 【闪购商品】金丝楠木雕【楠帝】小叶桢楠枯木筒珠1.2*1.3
☆ ☆ ☆
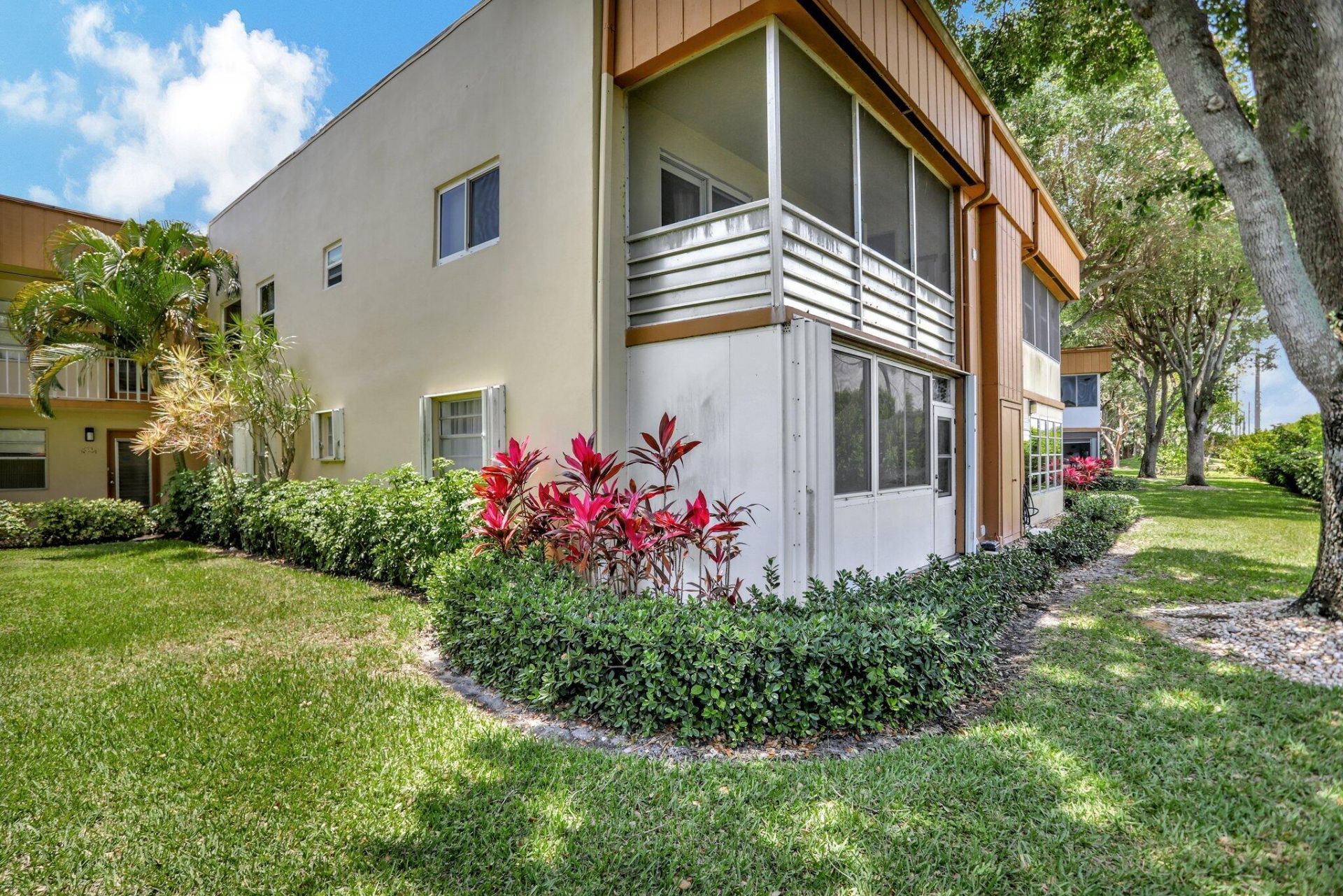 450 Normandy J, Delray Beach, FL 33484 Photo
☆ ☆ ☆
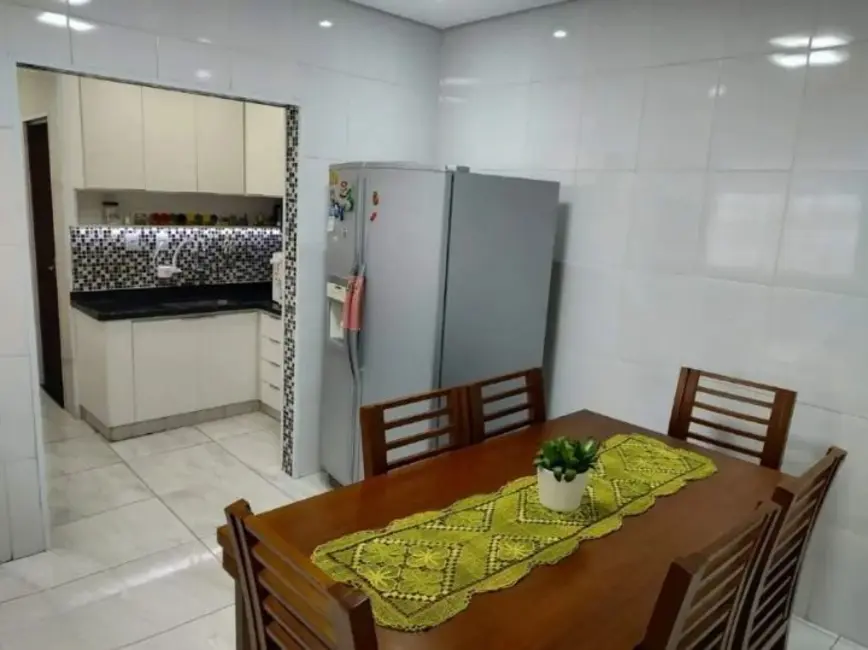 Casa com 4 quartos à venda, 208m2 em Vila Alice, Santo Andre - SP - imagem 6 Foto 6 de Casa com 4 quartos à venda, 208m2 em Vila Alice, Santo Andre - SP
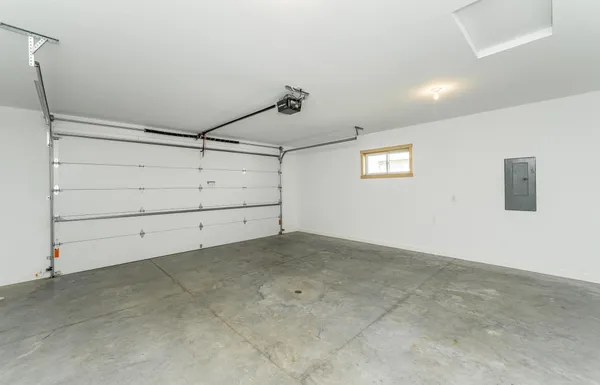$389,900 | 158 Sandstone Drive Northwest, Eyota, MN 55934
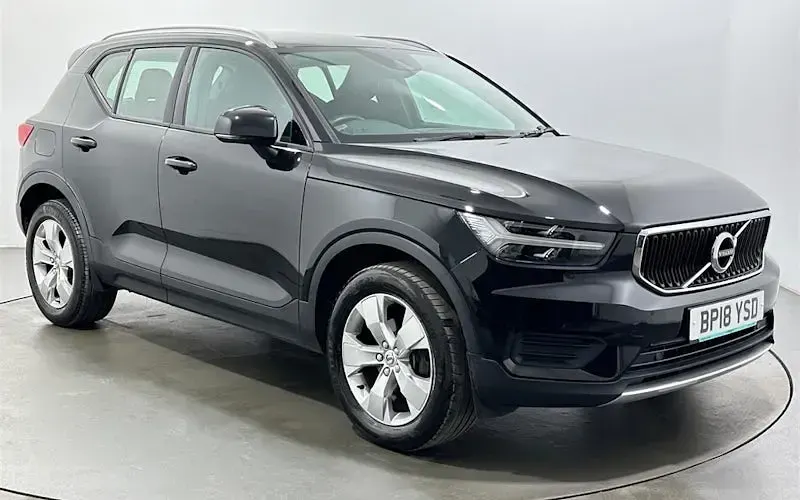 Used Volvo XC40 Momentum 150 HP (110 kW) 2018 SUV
☆ ☆ ☆
An exact copy is needed of the entries above, starting at the line that holds "Eyota, MN 55934" and stopping at the line that holds "Used Volvo XC40", both kept; pictures stay out.

_Result for this exercise_.
$389,900 | 158 Sandstone Drive Northwest, Eyota, MN 55934
 Used Volvo XC40 Momentum 150 HP (110 kW) 2018 SUV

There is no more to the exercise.